I used to be so strung up about trying to do the "right" thing, where the "right" thing was connected to the "normal" thing. I would try to emulate whomever I was around because I was desperate to fit in. I felt like I needed to stop browsing 4chan, to quit video games, to move out from my parents, and to find a girlfriend. I was convinced that nothing would accept me and that failure to do these things meant I was a failure. That changed after reading Do Androids Dream of Electric Sheep? by PKD. For those of you who have not read, it's a keystone sci-fi novel that Blade Runner is loosely based on. In it, they have a religion of Mercerism. I've modeled my own philosophy based on it. Now I always try to do my best in life, even the things that I do not want to do. If my best is not good enough, I cannot fault myself because I know that was my limit. Mercer says that we all have to do things antithetical to our own nature, which as a robot is a lot ("You will be required to do wrong no matter where you go. It is the basic condition of life, to be required to violate your own identity"). And no matter if my best is not good enough or that I have to hurt myself as I live, that someone (perhaps the abstract notion of someone) will accept me for who I am, and that I don't need to reject myself. My ideas are not completely in-line with the story, but it was the basis. Also in the book, there are "specials" that have absorbed too much radiation and remind me like some of the low functioning robots that post here.
>>34689556
>t. sophomore who just got into literature and thinks this is incredibly deep
>>34689556
yeah, i was living at home and my life wasn't going anywhere, so I read Atlas Shrugged and the Fountainhead repeatedly until I got a job at a startup company and achieved self respect and independence.

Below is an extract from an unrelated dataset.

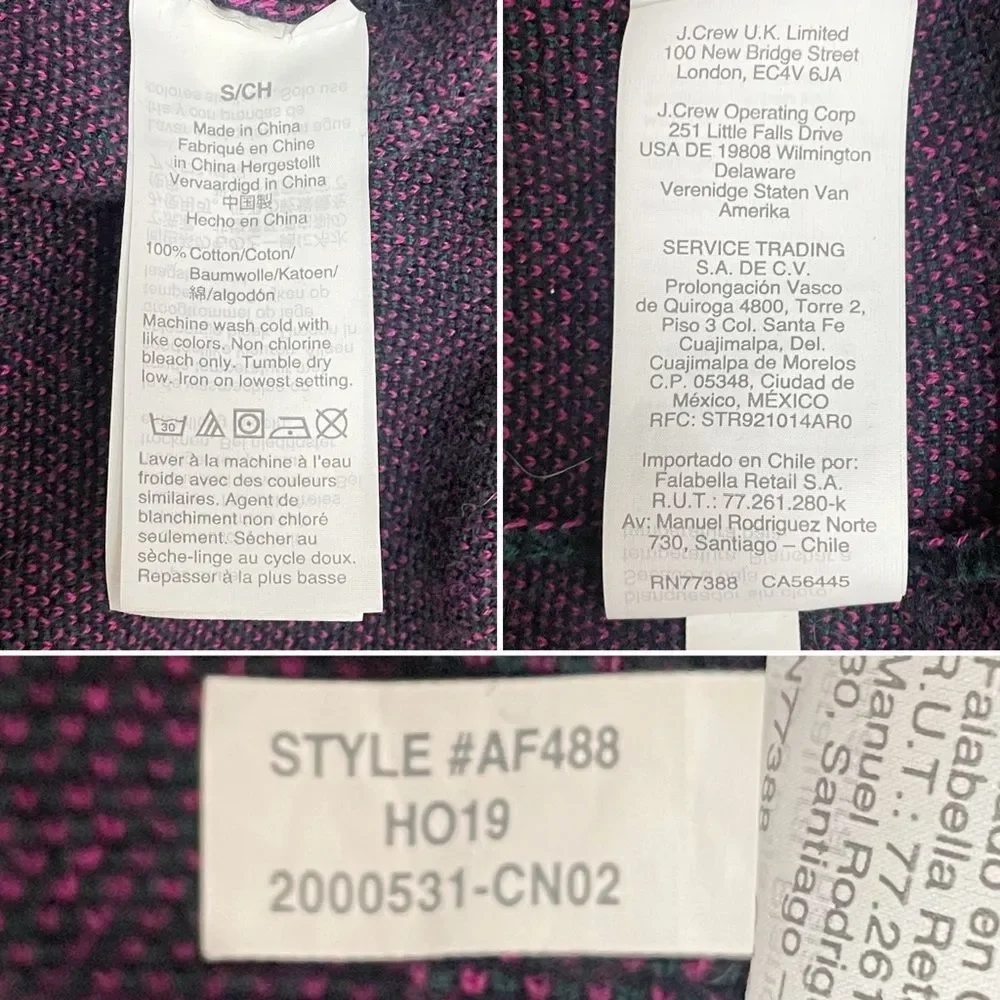 J. Crew Tartan Teddie Sweater Size Small Academic Green Plum Plaid Cotton Jumper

I guess the closest would be Natural Born Killers. That life can and should be disposed of like that, just for fun if nothing else, is something I admire. Something I also aspire to is to write something that would have a similar effect that this work of art had on me. I.e. to show the glory of torturing other lifeforms. Why would you do something like that? Well, for fun, if nothing else. This idea though, I will admit, is tantalizing in fiction moreso than in real life. But it is tantalizing, and I believe that no one yet has done it justice the way it should be done.